If your income stopped for any reason – redundancy, illness, accident – would you be able to keep paying your mortgage? Without mortgage repayment insurance, quite possibly not.
At the moment, with more and more businesses folding and more and more jobs being lost, this is a real issue. Can you be sure you won’t be next? If your employer goes bust, you may well not even get a redundancy payment.
Up until recently, many people were very wary of mortgage repayment insurance. It was often mis-sold or turned out to be a waste of money. However, the government has forced a shake-up in the mortgage repayment insurance market, and now there are minimum standards that policies must meet or exceed. You can now buy a policy with much more confidence that it will be suitable for your requirements.
So who are the people who should especially consider mortgage repayment insurance?
• You may have stretched yourself financially with your mortgage – many people in the past decade have been forced to do this in order to get on the property ladder at all.

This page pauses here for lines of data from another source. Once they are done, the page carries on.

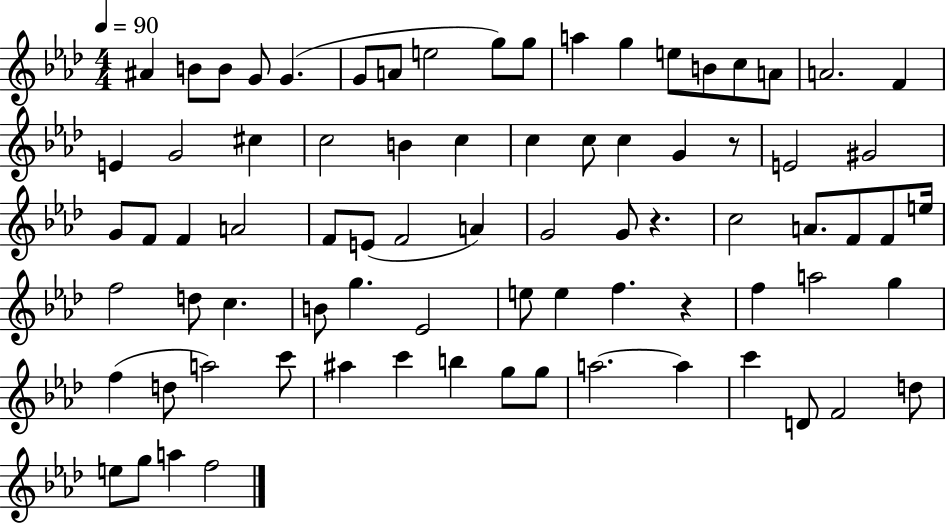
{
  \clef treble
  \numericTimeSignature
  \time 4/4
  \key aes \major
  \tempo 4 = 90
  \repeat volta 2 { ais'4 b'8 b'8 g'8 g'4.( | g'8 a'8 e''2 g''8) g''8 | a''4 g''4 e''8 b'8 c''8 a'8 | a'2. f'4 | \break e'4 g'2 cis''4 | c''2 b'4 c''4 | c''4 c''8 c''4 g'4 r8 | e'2 gis'2 | \break g'8 f'8 f'4 a'2 | f'8 e'8( f'2 a'4) | g'2 g'8 r4. | c''2 a'8. f'8 f'8 e''16 | \break f''2 d''8 c''4. | b'8 g''4. ees'2 | e''8 e''4 f''4. r4 | f''4 a''2 g''4 | \break f''4( d''8 a''2) c'''8 | ais''4 c'''4 b''4 g''8 g''8 | a''2.~~ a''4 | c'''4 d'8 f'2 d''8 | \break e''8 g''8 a''4 f''2 | } \bar "|."
}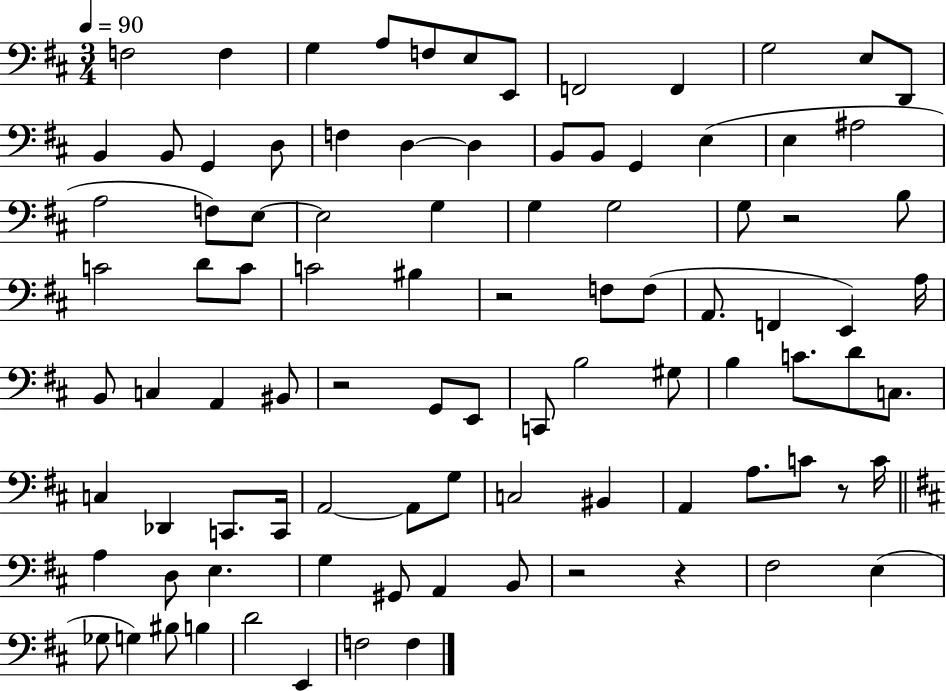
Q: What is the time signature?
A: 3/4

• You may have little or no equity in your property. In fact if you originally borrowed a high loan-to-value amount and the value of your property has now fallen, you may well have negative equity. If you suddenly lost your income, there would be no possibility of remortgaging to tide you over.
• If you are employed in a sector where demand is falling, or that is dependent on demand in other areas of the economy, you do need to take precautions against possible loss of income. For instance, the automotive sector is reporting considerable reduction in demand. If a local car manufacturer goes out of business or reduces output, this will affect dozens of other supplier firms in the area. In turn this will affect other companies such as travel firms who are dependent on high employment for their own level of demand. It’s no good waiting until there is an actual threat to your own job before taking out mortgage repayment insurance – it will then be too late.
• Does your employer have a proper sickness payment policy in place (i.e. one that continues to pay all or part of your salary when you’re off sick)? If you’re not sure, ask – you’re entitled to know. Talk to the Human Resources department or your union representative. State sickness benefit will certainly not cover your mortgage payments, so if you won’t get sick pay you need insurance.
Remember you don’t need to get the mortgage payment insurance from your mortgage lender. A standalone policy is likely to be more suitable and you should be able to find one to fit your individual requirements. Talk to a broker who will help you shop around and find one that will give you value for money – and, of course, peace of mind!